Por Marcela Ayres
BRASÍLIA (Reuters) - A saída contundente de Sergio Moro do Ministério da Justiça com acusações de interferência política ao presidente Jair Bolsonaro embaralha o cenário para a agenda econômica de Paulo Guedes prosperar, em um momento já delicado por conta das pressões por gastos com o coronavírus, disseram duas fontes da equipe econômica à Reuters.
"Você enfraquece uma linha argumentativa que era a linha da resistência às velhas fórmulas políticas. Precisa ver se a resistência vai continuar ou se é a aproximação com os líderes do centrão", disse uma das fontes.
Em meio às conversas com o centrão, o governo já havia aberto espaço para divulgação de um plano para retomada econômica com participação de investimentos públicos, embora Guedes siga integralmente comprometido com o impulso à atividade por meio de reformas e desburocratização para atração de investimentos privados. Nenhum integrante da equipe econômica participou do anúncio.
Os vultosos gastos com o combate à pandemia de Covid-19 são vistos como essenciais pelo ministro para minorar o impacto social e econômico do surto, pelo entendimento de que esta é uma situação emergencial que demanda atuação do Estado.

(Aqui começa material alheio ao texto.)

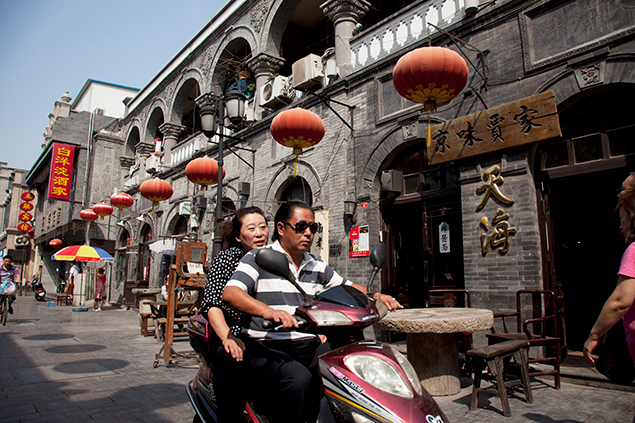 Beijing is known for its expansive parks and traditional hutongs (alleyways). Spend your morning at the Temple of Heaven, a beautiful imperial complex set within a park. Entry is CNY 35 ($5), and you can spend a couple of hours walking around the gardens.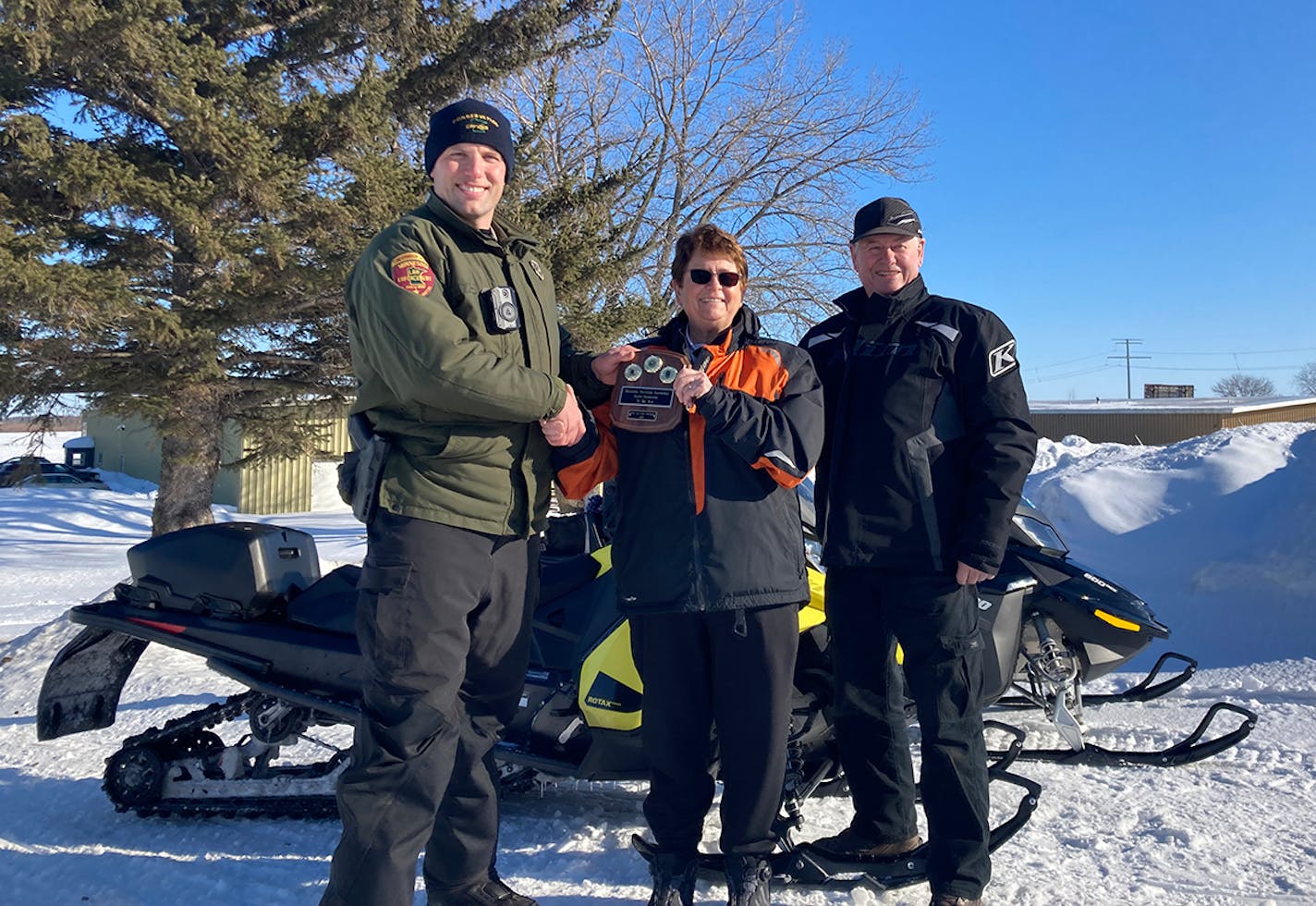 Sonya and Earl Anderson were named Snowmobile Instructors of the Year by the Department of Natural Resources. They're shown with conservation officer Mitch Lawler, left.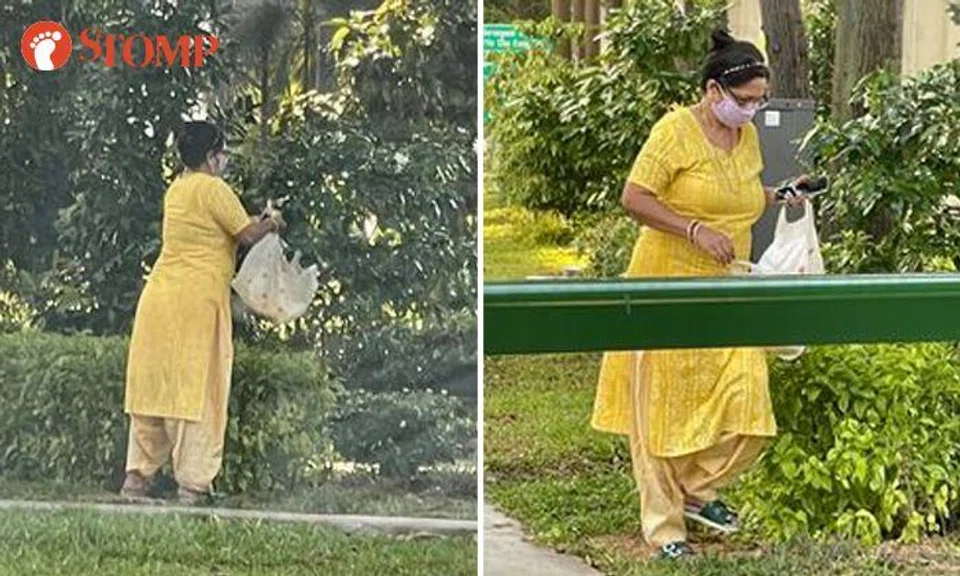 Woman cuts off flowers from plants in Serangoon, ignores passer-by who told her to stop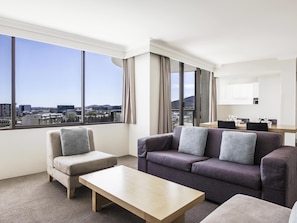 A modern hotel room with a large window offering a city view, a sofa, a chair, and a small table. - BreakFree Capital Tower (Canberra)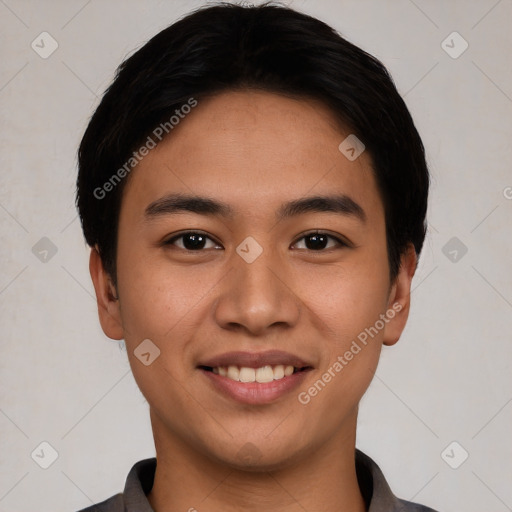 Joyful white young-adult male with short  black hair and brown eyes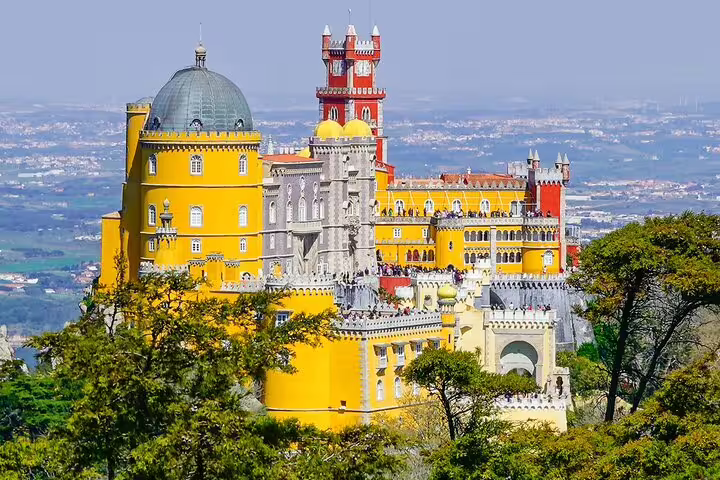 Vibrant view of Pena Palace in Sintra, Portugal, showcasing its colorful architecture on a private tour from Lisbon with monument tickets.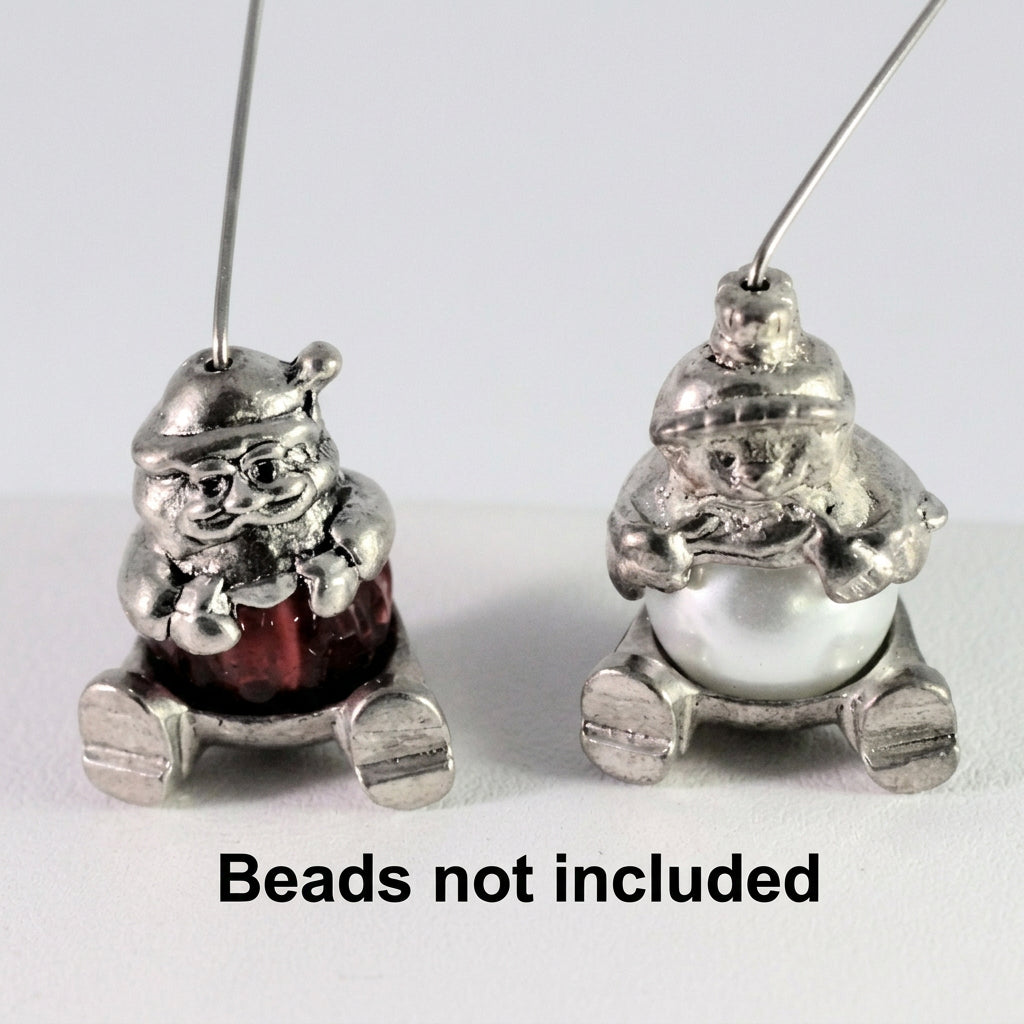 Two small silver-toned hanging ornaments shaped like seated figures, shown on a plain white background with the text 'Beads not included' at the bottom.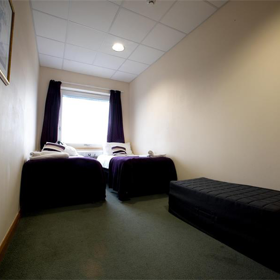 Small bedroom with two single beds.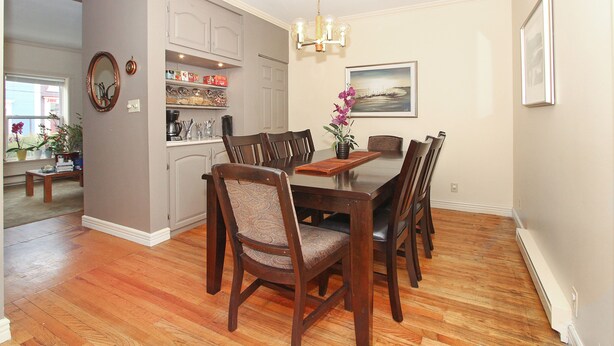 A dining area with a wooden table and chairs, a chandelier, and a painting on the wall. - Gower Guest House (St. John's)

"Agora, usar o momento pra fazer desenvolvimento já foi tentado e não deu certo, deu até impeachment. Então ninguém da equipe arrisca CPF. Ninguém", completou a fonte.
Uma segunda fonte da equipe econômica afirmou ser "muito difícil" avaliar neste momento como fica a perspectiva de curto prazo para a agenda econômica em meio às incertezas ligadas ao xadrez político.
"Fala do Moro é muito forte. Deve gerar consequências", disse.
Em poucos dias, Guedes já havia enfrentado uma sucessão de reveses, a começar pela aprovação pela Câmara dos Deputados de um projeto de auxílio a Estados e municípios que abriu a porta para compensação integral pela União de perdas com arrecadação por conta da crise, independentemente do tamanho do buraco a ser coberto pelo Tesouro.
O texto teve a benção do presidente da Câmara, Rodrigo Maia (DEM-RJ), o que esgarçou suas relações com Guedes, outrora amistosas por conta das convergências na pauta econômica.
A equipe econômica se empenhou para ajustar o texto no Senado, em articulação com o presidente da Casa, Davi Alcolumbre (DEM-AP), ao mesmo tempo em que seguiu elaborando medidas para o enfrentamento à fase mais aguda da crise, algumas das quais ainda seguem em gestação, como o programa de auxílio ao crédito às médias empresas com garantias de fundo do BNDES.
O anúncio do chamado plano Pró-Brasil, apelidado nos bastidores de Plano Marshall, foi então recebido como uma nova bomba fiscal e como uma traição do ministro do Desenvolvimento Regional, Rogério Marinho, que antes de assumir a pasta era peça proeminente do time de Guedes.
A percepção é que Marinho teria "girado a chave" com propósitos políticos, mirando beneficiar o Nordeste com a promoção de obras públicas. Marinho, que era secretário especial de Previdência e Trabalho do Ministério da Economia, relatou a reforma trabalhista aprovada no governo do ex-presidente Michel Temer e tentou se reeleger sem sucesso deputado federal pelo PSDB no Rio Grande do Norte, em 2018.
Segundo a primeira fonte, a atuação de Marinho foi vista no alto escalão da equipe econômica como alinhada ao pensamento majoritário do centrão, num contexto de aproximação recente de Bolsonaro com parlamentares como o presidente do PP, senador Ciro Nogueira (PI), o presidente do PRB e primeiro vice-presidente da Câmara, Marcos Pereira (SP), e o deputado Arthur Lira (AL), líder do PP na Casa.
Agora, a saída conturbada de Moro adicionou volatilidade aos mercados e passou a alimentar entre economistas preocupações sobre o futuro do ministro da Economia.
A avaliação é que a agenda econômica ortodoxa, que já estava perdendo força em meio à crise da pandemia do coronavírus, tende a ficar ainda mais de lado no governo diante de esforços do presidente para se reposicionar politicamente.
Antes mesmo da vitória de Jair Bolsonaro nas eleições de 2018, Guedes teve encontros com Moro e foi um dos responsáveis por levá-lo ao governo, sondando-o a respeito da possibilidade de que assumisse a pasta da Justiça.
Enquanto Guedes era visto como o grande fiador de Bolsonaro junto ao mercado, ferrenho defensor de uma agenda econômica liberal, Moro era considerado maior símbolo do compromisso do governo com o combate à corrupção.
Nesta sexta-feira, Guedes cancelou compromissos em sua agenda pública. Procurado, o Ministério da Economia não se manifestou imediatamente.